Popular culture demands of us that we take treat many things "as read." We see the protagonist climbing out of bed in the morning. We cut to a scene that shows him beginning his day at work. We take as read all the events in between, showering, dressing, eating breakfast and the drive to work. We accept that he did these things. We understand that they are not germane to the story at hand. We are happy to have them elided from the show, to take them as read.
It's amazing how good we are at taking things as read. Even unambitious shows hurl us around with scant exposition and very few sign posts. Suddenly, our protagonist is in a large office building. That's ok. This is probably where he works, we think. We "stayed tuned." If this turns out to be someone else's place of work, we are quite happy to adjust.

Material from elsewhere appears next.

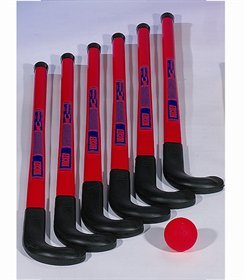 Hockeyschläger 'Play', einzeln (Stück)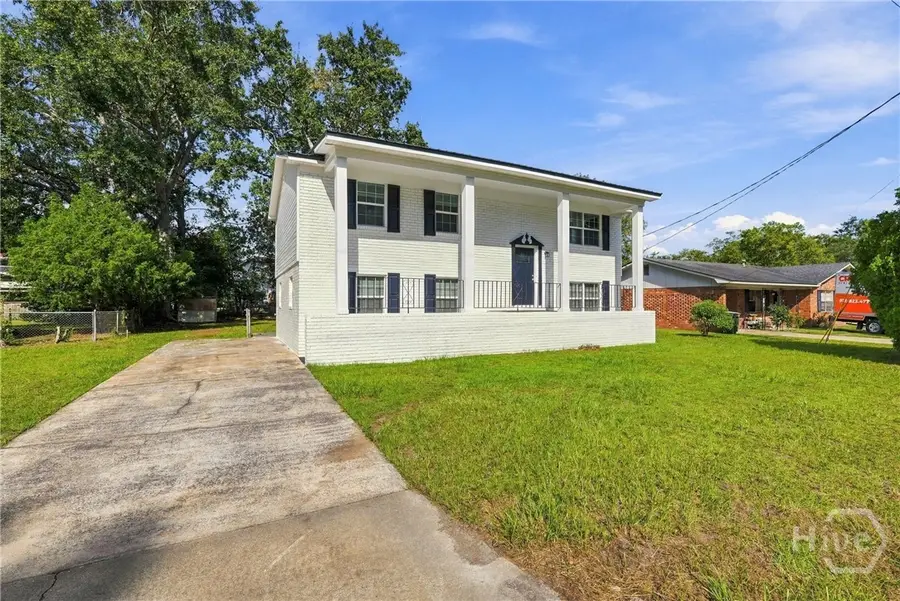 645 Parker Drive, Hinesville, GA 31313 - #2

We are happy to supply assumptions, and we are amiable about it. We don't think, "office building? Wonder if it's in Rio?" No, if the show has been set in LA, we are happy to assume that this building is in LA. We are just that cooperative. (Or philosophically undemanding.)
Viewers are active, even when they are not fans. They are active even when they are not especially literate in matters of media. That's what it is to belong to our culture. We are highly skilled at taking things as read (TTAR).
But TTAR can be dangerous. Once we have accepted the editing it performs on the story, what's to stop us from editing too. We see a scene taking shape, two people arguing, perhaps, what's to stop us from saying, "Got it. Argument. Let's just take this as read and move on."
A virulent form of TTAR can consume the entire show. We need only see the characters and the opening scene to think, "Very well. Good guys. Bad Guys. Conflict. Resolution. Theme music. Fade to TTAR."
Indeed the more formed a show is by genre, the more likely we are to respond by issuing a summary TTAR order. Because if we know the genre, and the show is genre bound, we can say quite precisely what's going to happen. Take a show like Law and Order, this is so very predetermined that it's a wonder that anyone bothers to watch it anymore. (But of course we do. A mystery for another time.)
I have watched two espisodes of V. This is a show with lots going for it, including several great performances, but it does feel a little predictable, a little confined. Some way into the second espisode, I could hear myself thinking: "Good guys. Bad guys. From outer space. Conflict. Resolution. …" God, even the criticism begs for abbreviation. This "visitation" genre is now well known. Visitors with terrible powers of control… The plucky band of humans who resist… How many times have we seen this played out? And where can they go with it? It doesn't feel like there are many options here. This genre might be relatively new but it's beginning to feel like its already hollowed out. V feels like a show straight out of the TTAR pits of formulaic television.
I could be wrong, and I hope I am. But I don't believe V will flourish.